*** Input data

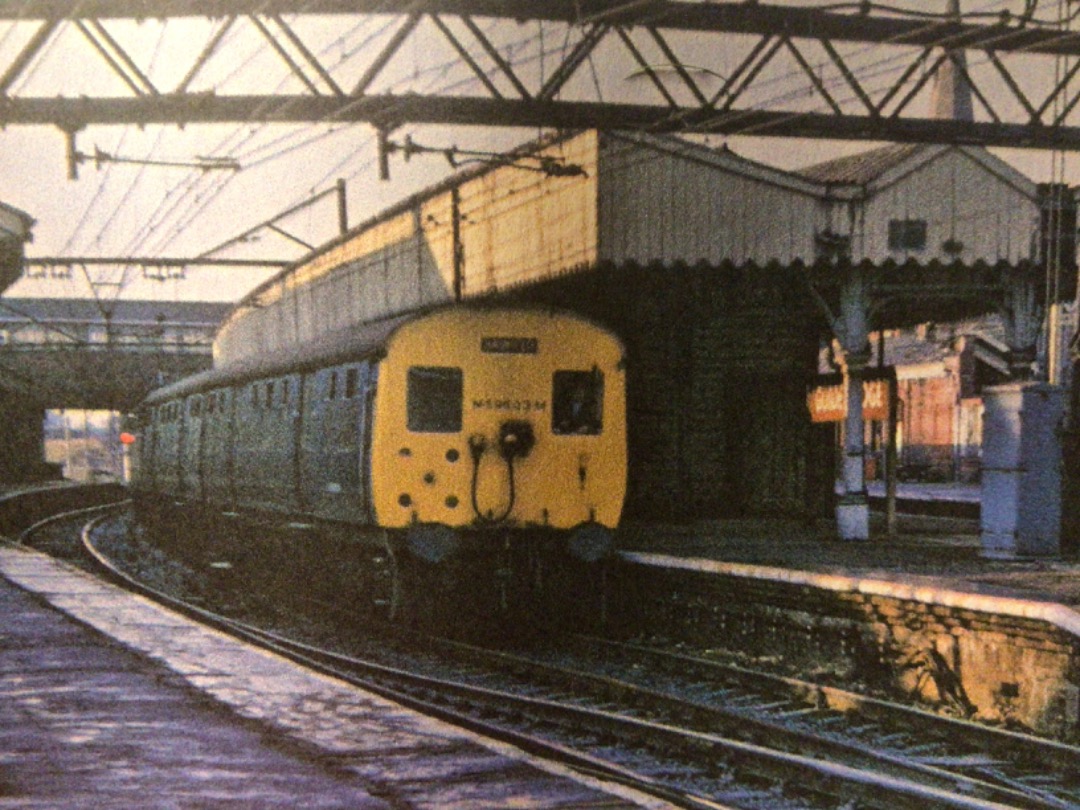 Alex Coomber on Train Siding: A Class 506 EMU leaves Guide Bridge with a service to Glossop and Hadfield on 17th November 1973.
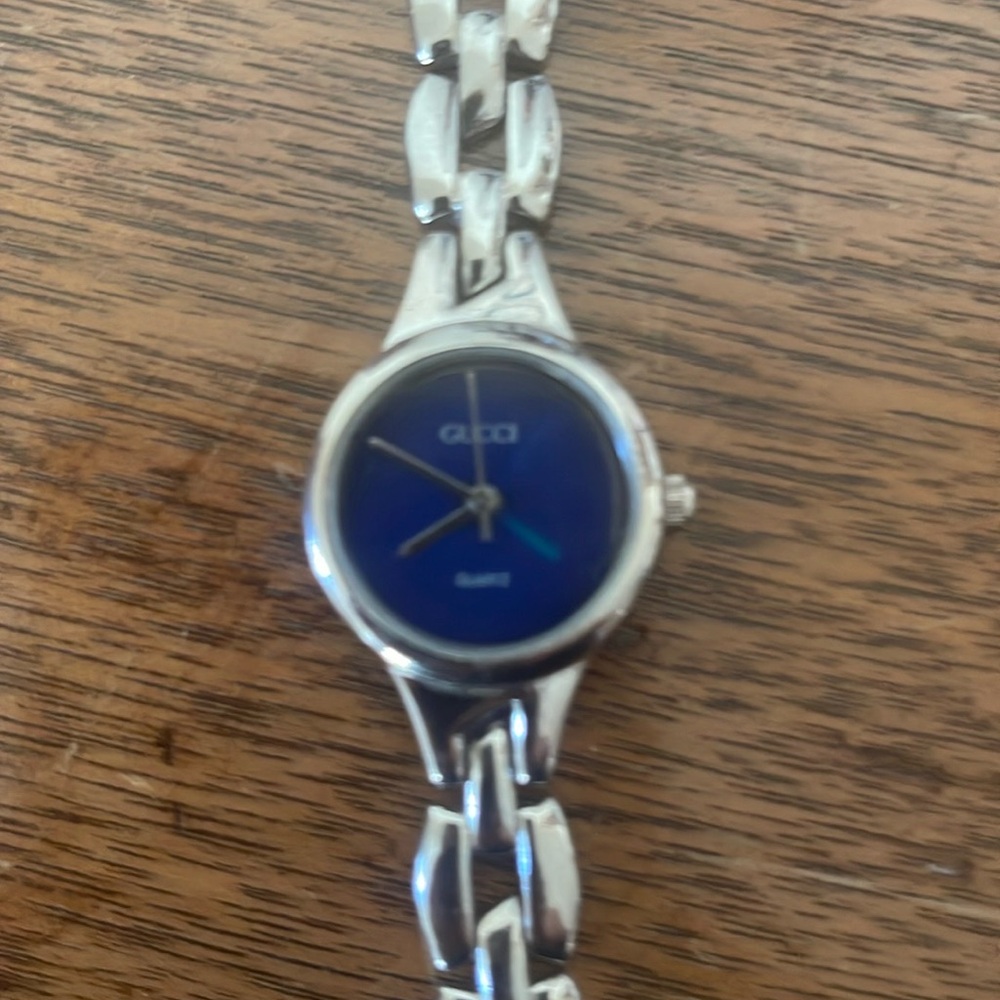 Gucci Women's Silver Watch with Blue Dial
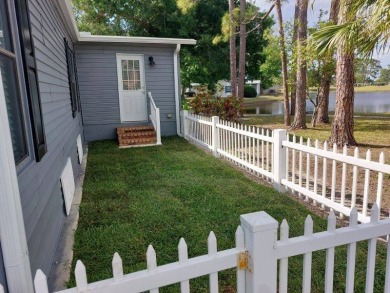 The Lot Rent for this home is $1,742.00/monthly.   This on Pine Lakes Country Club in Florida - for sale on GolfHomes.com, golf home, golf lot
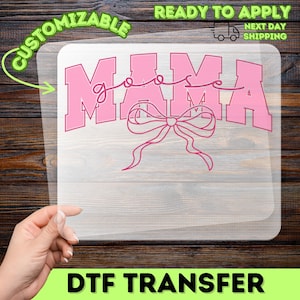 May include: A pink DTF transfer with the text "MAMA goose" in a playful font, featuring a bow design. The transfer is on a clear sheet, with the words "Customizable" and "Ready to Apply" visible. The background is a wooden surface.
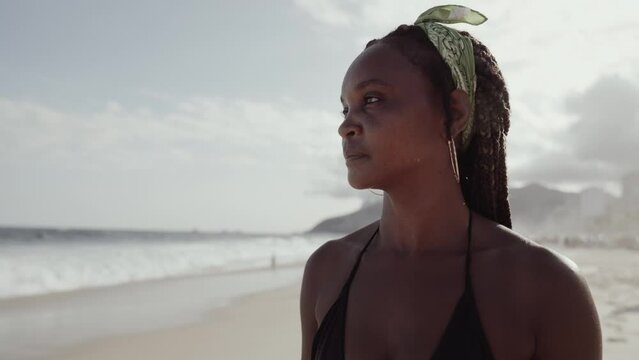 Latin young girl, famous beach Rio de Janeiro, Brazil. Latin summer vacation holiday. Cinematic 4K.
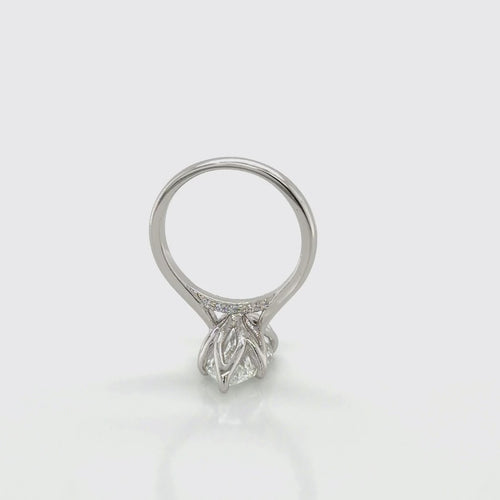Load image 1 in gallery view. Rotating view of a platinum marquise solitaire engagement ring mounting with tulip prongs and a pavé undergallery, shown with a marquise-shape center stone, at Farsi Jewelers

******

#### Work order
Through to the final line, copy the material above exactly and skip the images.

#### Written answer
 Alex Coomber on Train Siding: A Class 506 EMU leaves Guide Bridge with a service to Glossop and Hadfield on 17th November 1973.
 Gucci Women's Silver Watch with Blue Dial
 The Lot Rent for this home is $1,742.00/monthly.   This on Pine Lakes Country Club in Florida - for sale on GolfHomes.com, golf home, golf lot
 May include: A pink DTF transfer with the text "MAMA goose" in a playful font, featuring a bow design. The transfer is on a clear sheet, with the words "Customizable" and "Ready to Apply" visible. The background is a wooden surface.
 Latin young girl, famous beach Rio de Janeiro, Brazil. Latin summer vacation holiday. Cinematic 4K.
Load image 1 in gallery view. Rotating view of a platinum marquise solitaire engagement ring mounting with tulip prongs and a pavé undergallery, shown with a marquise-shape center stone, at Farsi Jewelers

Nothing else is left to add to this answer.